In its results announcement today for the half-year ended Dec. 31, 2017, the company also pointed to ongoing growth in the domestic berry program, an increase in its stake in Moroccan berry company African Blue to 86% and further M&A activity in avocados.

“These results are indicative of a strong 1H FY2018 with our citrus category continuing to make a standout contribution, fuelled by growing export demand across our key markets including Japan, USA and China,” said CEO Harry Debney.

“Tomatoes also made an excellent contribution boosted by the snacking segment’s performance,” he said.

Strong tomato category results were underpinned by a reconfiguration of glasshouses and a change in planting schedules which have smoothed volume away from traditional peak production in summer to a more consistent yield throughout the year.

Higher pricing amidst short supplies led to third party avocado sales growth, and today the group announced it had reached a conditional agreement to acquire Coastal Avocados farms and packing operations on the New South Wales mid-north coast, bringing Costa’s total number of growing regions for the crop up to four.

Coastal Avocados has total plantings of 79 hectares across the farms and a further 24 hectares of greenfield development land next to the existing site at Comboyne. These operations currently produce 200,000 trays per annum but that figure is expected to rise to 300,000 at maturity.

Meanwhile, a further 300,000 trays from third party growers are also processed annually through Coastal’s newly upgraded packing facility.

Costa also announced two further avocado acquisitions were completed as of January, 2018, including the Gunalda farm in Central Queensland and the Burness farm in Far North Queensland.

“As a result of these acquisitions Costa will, on completion of the Coastal Avocados acquisition, have a production and supply footprint stretching from February through to December,” Debney said.

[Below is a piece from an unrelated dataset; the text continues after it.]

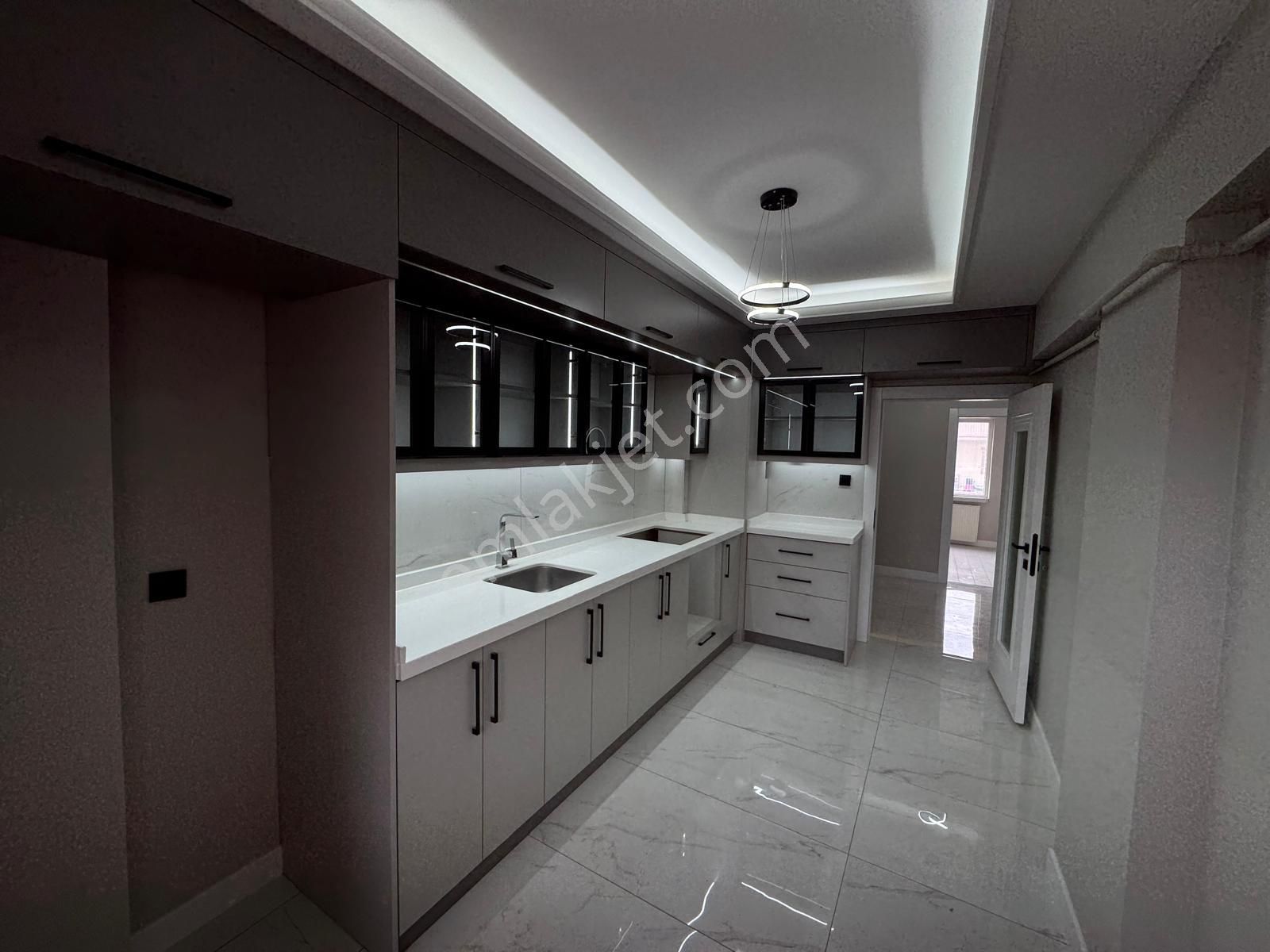 Aktif Emlak'tan Fatih Metro Dibinde 3+1 Full Yapılı Satılık Daire!!! - Görsel 4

“We are now well under way to executing our strategy to build avocados into our fifth core vertically integrated produce pillar and to ultimately achieve 52 week supply.

“Costa believes there are considerable growth opportunities in the avocado segment and it is one that we have set a three year goal in which to become the market leader.”

In other acquisition activity, Costa completed its acquisition of Impi Orchards in December, including 77 hectares of quality citrus plantings and a further 65 hectares of development land, producing a mix of oranges, mandarins, grapefruit and lemons.

In berries, the company also launched its new premium 200g punnet of Arana blueberries, which were grown at its Corindi farm in New South Wales. Further volume of this variety is expected in the next financial year following a 31-hectare substrate conversion during FY2018.

The expansion of Costa’s Tasmanian Berry Distribution Centre was also completed on schedule, allowing for the handling of peak December volumes and greater storage capacity for blueberries in a modified atmosphere facility. Elsewhere in the state, new blackberry plantings have reportedly established well with a small harvest of the Elvira variety expected this year.

Adapting to tough weather in China

Costa’s operations in China were difficult in the first half but the company reports the upcoming main berry harvest expected between March and May is in line with expectations.

“Conditions in China over the past summer were challenging, with wet weather hampering growth project development and requiring more focused pest and disease management from our very experienced management team on the ground who are able to address these issues as soon as they occur,” Debney said.

After wet weather hindered development work, lessons have been applied to the FY2019 planting plan with preparatory  groundworks now being undertaken at the new Manhong site for a 65-hectare expansion in advance of the next season.

The group also emphasized a significant focus on further developing team capability and safety culture in China, with the engagement of a safety specialist to align Chinese operational standards with best practice Australian standards.